- Theatrical release poster
- German: Aus meiner Haut
- Directed by: Alex Schaad
- Written by: Alex Schaad Dimitrij Schaad
- Produced by: Tobias Walker Philipp Worm
- Starring: Jonas Dassler Mala Emde Dimitrij Schaad Maryam Zaree Thomas Wodianka
- Cinematography: Ahmed El Nagar
- Edited by: Franziska Köppel
- Music by: Richard Ruzicka
- Production company: Walker Worm Film
- Distributed by: X Verleih AG [de] (through Warner Bros.)
- Release date: 5 September 2022 (Venice);
- Running time: 103 minutes
- Country: Germany
- Language: German

= Skin Deep (2022 film) =

2022 film by Alex Schaad

Skin Deep (Aus meiner Haut) is a German psychological science fiction drama film, directed by Alex Schaad and released in 2022. The film stars Jonas Dassler and Mala Emde as Tristan and Leyla, a couple who are trying to work through their relationship difficulties by travelling to an island that offers temporary body swaps with other people to see the world through different eyes.

They are initially paired with Mo (Dimitrij Schaad) and Fabienne (Maryam Zaree), with Leyla happy in a different woman's body, but after Tristan aborts the swap due to his inability to perform as a musician in Mo's body, Leyla is instead offered the opportunity to swap bodies with Roman (Thomas Wodianka), a gay man grieving the recent death of his partner; however, she finds even greater happiness inhabiting Roman's body, thus raising the questions of whether Tristan can still love her in a male form and whether she's even willing to give Roman back his own body when the swap is due to end.

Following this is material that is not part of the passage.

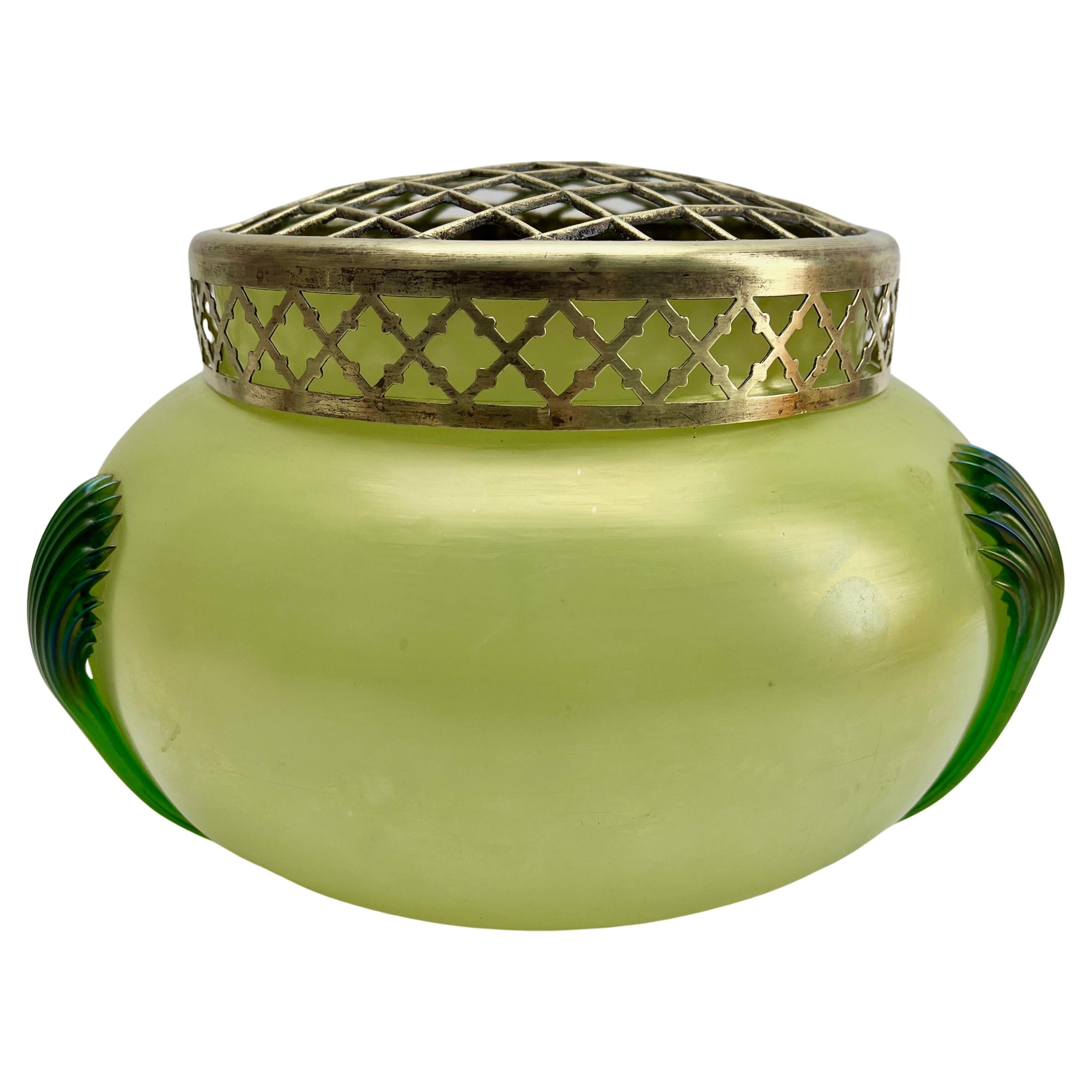 Art Nouveau Green iridescent glass Pique Fleurs' vase by Loetz' with Grille For Sale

The cast also includes Edgar Selge, Adam Bousdoukos, Selma Poyraz and Louise von Plessen in supporting roles.

==Production==
Brothers Alex and Dimitrij Schaad had originally written the screenplay with the intention of Dimitrij playing Tristan, but opted to switch the casting and have him play Mo during development.

==Distribution==
The film premiered at the 79th Venice International Film Festival.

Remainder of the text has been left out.